In short, div-mod operations come in pairs satisfying the equation

x = (x/n)*n + (x%n)

In words, "you can reverse an integer division by multiplying by the divisor and adding the result of the % operator".

Since division is a more common operation than modulo on its own, it's not surprising that most implementations choose what Raymond Boute refers to as a "div-dominant" implementation: a definition of / is chosen first, and the definition of % is simply the one which satisfies the above equation.

As mentioned in this answer, the equation can actually be used to implement a modulo on an architecture which doesn't have a dedicated instruction; essentially:

let quotient = a / b
let temp = quotient * b
let remainder = a - temp

This is all very straight-forward for unsigned integers - all algorithms agree that 8 / 3 is 2 and so 8 % 3 is 8 - (2 * 3) which is 2. But once you allow negative numbers, things become more complicated.

A simple conceptualisation is as "sign and magnitude": to calculate a / b, first calculate abs(a) / abs(b), and then choose a sign for the result based on the signs of a and b. Specifically, if a and b have the same sign, the result is positive; else, it is negative.

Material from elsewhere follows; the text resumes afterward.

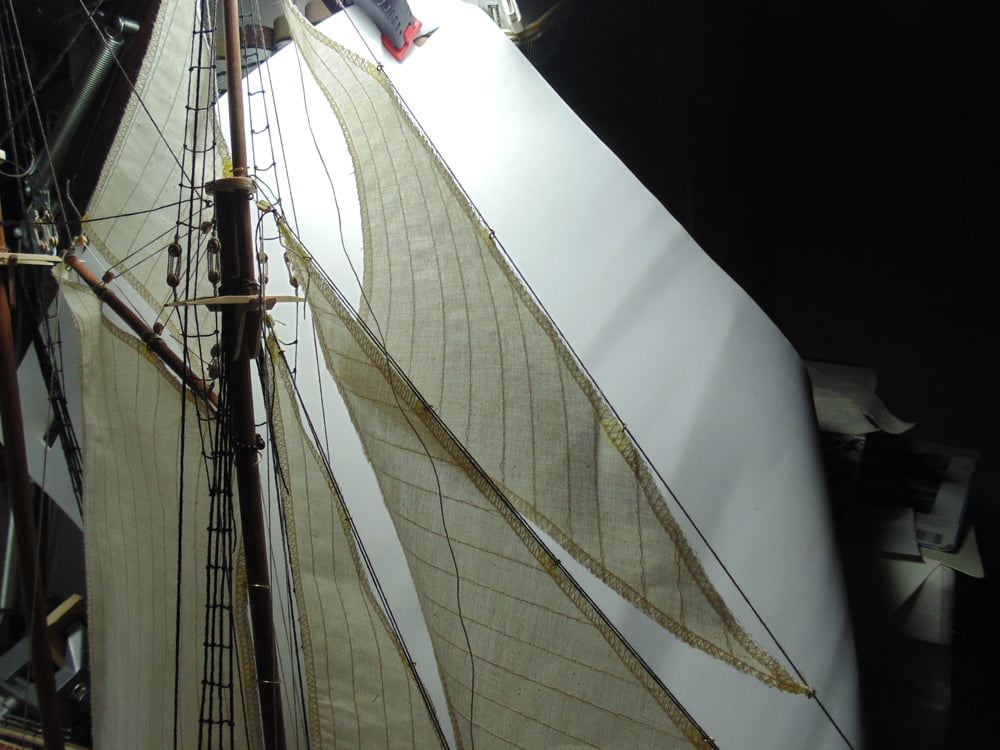 Jib sail loosely rigged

This is mathematically equivalent to "truncating" or "rounding toward zero": the true value of -8 / 3 is -2.666... and we give the result as -2.

Using our definition of modulo above, we then end up with -8 - (3 * -2), which is -2. It turns out that in this definition, the sign of the remainder is always the same as the sign of the dividend, so again, we can treat it as "sign and magnitude": calculate 8 % 3, then copy the sign of the dividend.

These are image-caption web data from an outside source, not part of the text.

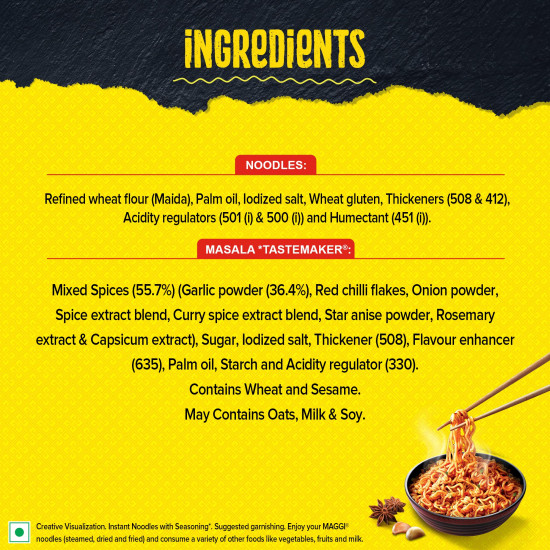 MAGGI 2-Minute Spicy Garlic Noodles, Easy to Cook Instant Noodles, Tasty Twist of Spicy & Garlic, 248g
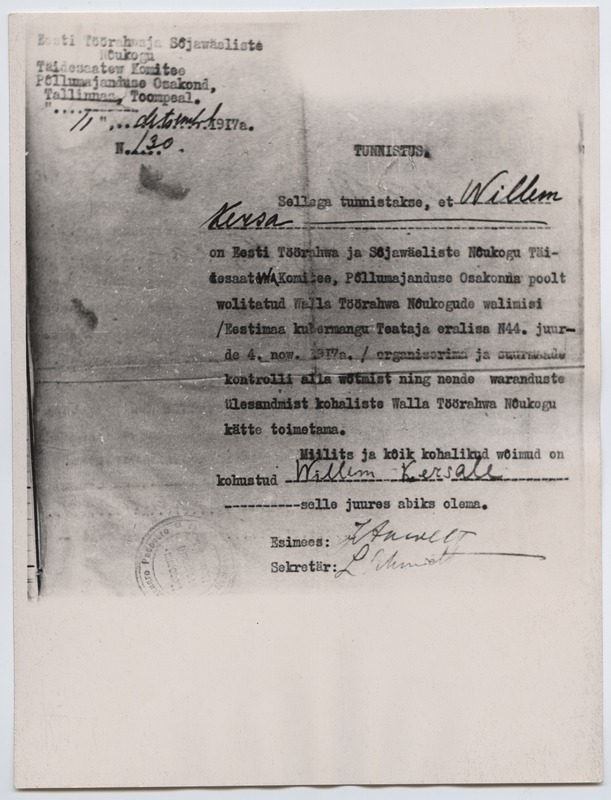 Eesti TS NTK Põllumajandus osakonna tunnistus, välja antud Willem Kersale 1917. aastal.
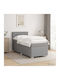 King Size Upholstered Fabric Bed Light Grey with Slats and Mattress 190x190cm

This is the operator that is commonly implemented, either in hardware (e.g. in the 8086 IDIV instruction, which calculates division and modulo simultaneously) or in the compiler.

It would be possible to use a "mod-dominant definition" of both operators, and choose Euclidean modulo for the % operator, but this leads to a less intuitive definition of division: 8 / -3 is -2, but -8 / 3 is -3.

It would also be possible to include a separate "Euclidean modulo" operator - and some languages do - but that leads us to the general question of why languages don't include all the maths operations you might need. As I state in my answer to that question:

The bottom line is you can't have everything.

Every feature you add to a language, or processor instruction set, has a cost; and evidently a separate Euclidean modulo hasn't proven a sufficiently common requirement to justify that cost in the eyes of language and processor designers.